Divine Intervention is widely known as the most expensive filk album ever produced.[1] Julia Ecklar sings, and wrote many of the songs.

Several songs on this album went on to win Pegasus Awards;[2] Lullaby for a Weary World won in 1990 for Best Filk Song, Temper of Revenge won in 1991 for Best War/Vengeance Song, and Ladyhawk won Best Classic Filk Song in 2004 after being nominated in 1987 for Best Filk Song and 1988 for Best Media Song.
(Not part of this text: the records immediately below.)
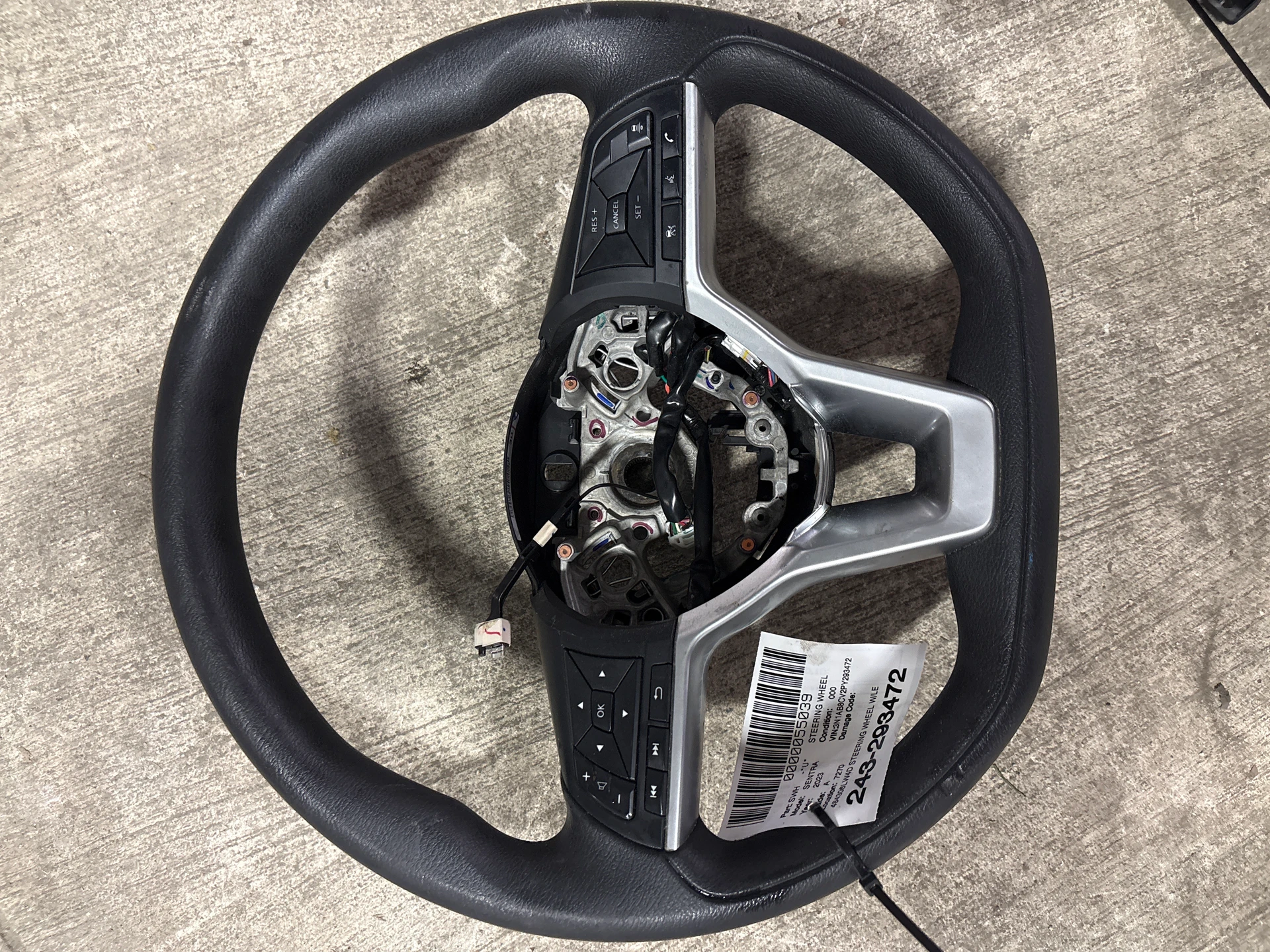 Steering Wheel W/leather, Sv · 1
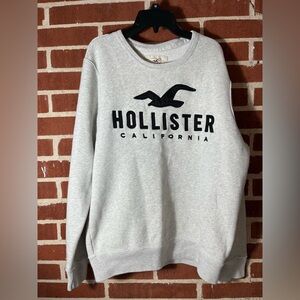 Hollister Light Gray Crewneck. Large.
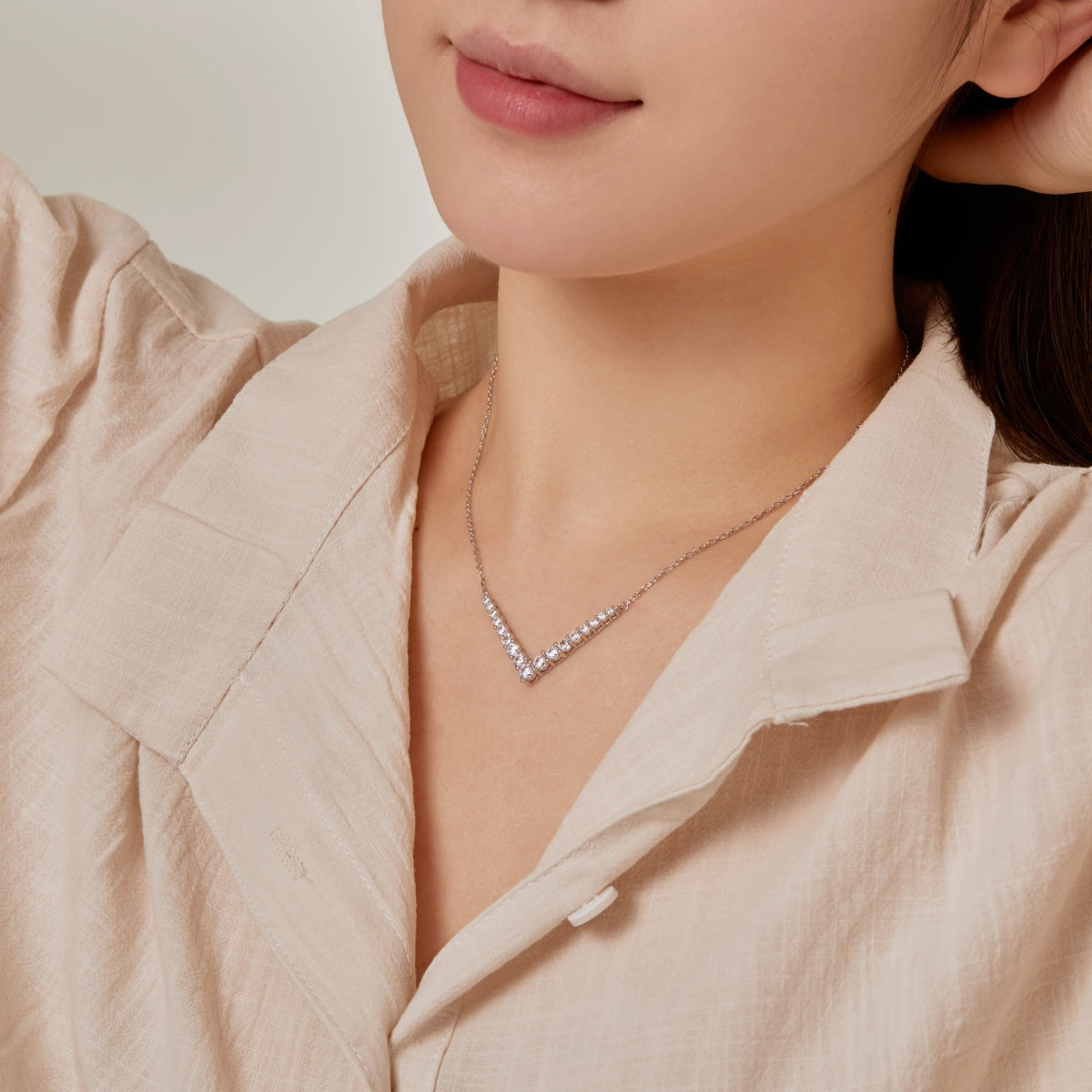 [ELAN LUXE]Ornate Round Cut Necklace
Several of the songs on this album have been filked themselves. (It's likely that all these songs have been filked.) Ladyhawk has been filked many times:songs named "Ladybug" and "Ladies' Room" have both been written, and Bob Kanefsky wrote Man/Wolf[3] (with the chorus line, "Lycanthrope, lycanthrope, muscle and musk"). "Temper of Revenge" inspired "Temperature of Revenge," a Star Trek song about Wrath of Khan, from Khan's point of view.

Track listing

Divine Intervention CD cover
  • A1-Overture/Ladyhawke! (split to two for CD)
  • A3-Crimson and Crystal
  • A4-Burnish Me Bright
  • Apocalypse (bonus CD track)
  • A4-Survivor's Song
  • A5-Terminus Est
  • A6-Fallen Angel
  • B1-Temper of Revenge
  • B2-Crane Dance
  • B3-One Man Magical Show
  • B4-Silver
  • B5-The Hand of God
  • B6-Lullaby for a Weary World
  • Temper of Revenge (bonus instrumental mix)
  • Lullaby for a Weary World (bonus instrumental mix)
  • Roxanne (bonus track)

Reactions and Reviews

These two filk tapes illustrate the progression of filking. Genesis is the more traditional filk cassette; it was recorded on inexpensive, portable audio equipment with only guitars, drums, tambourines, and spoons as musical accompaniment. Divine Intervention, however, was recorded in a studio with full instrumentation provided by fifteen musicians. But do not hesitate to purchase a home-produced filk tape or one recorded live at a convention; if a cassette is offered by a reputable filk distributor, you are getting a quality product.[4]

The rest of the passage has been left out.